Armed with a genuine passion to de clutter the myths and hypes in the fields of developmental and evolutionary psychology, Harris goes through the experimental data with a fine toothed comb; uncovering biases and unfounded popular ideas in parenting, genetics, behavioural, cognitive and biological sciences to list out what makes us each different from the other.
The reader is led very systematically through various points that might appear at first logical in pointing towards personality differences between people. Good hard evidence based on experimental data and sometimes the lack of it paves the way to the real core of the book. Harris likes to call this sifting of evidence as eliminating the ‘red herrings’. In the process she educates the reader in psychological research methods, in recent concepts and theories of developmental and behavioural psychology. She entertains by pretending to be a detective. And she infuses intrigue in the non specialist reader, who merrily forgets that this book borders on being a contemporary text in its field.
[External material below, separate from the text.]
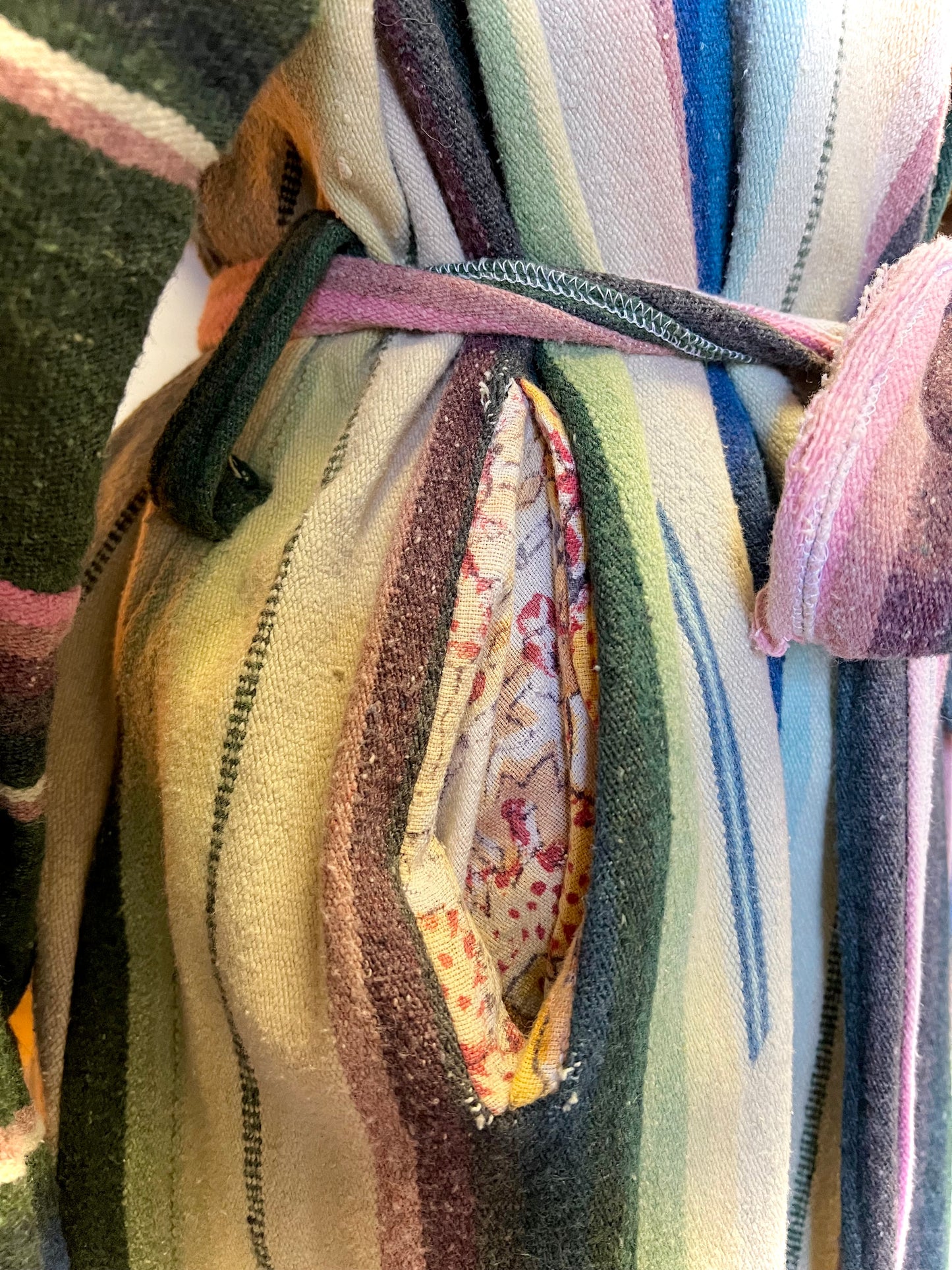 One-of-a-kind Handmade Vintage Serape Belted Hooded Surf Robe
However, to a professional, this book may serve well to pick up some fresh ideas and perspectives as well as being a good tool in identifying a few holes to base some future research on.
This book is strong in its breath. Harris plucks explanations and concepts from varied places; from conjoined and other twin studies, to birth order to autistic research, to the tribal societies of the Amazon. Sometimes these smaller engraved gems are delightful insights on their own. But the reader is always gently steered back to addressing the main topic. Harris uses this weaving technique throughout the book and it probably is one of the reasons this book reads like a cool mystery novel rather than a text. A feat well executed by Harris, who very overtly states this intention right at the beginning.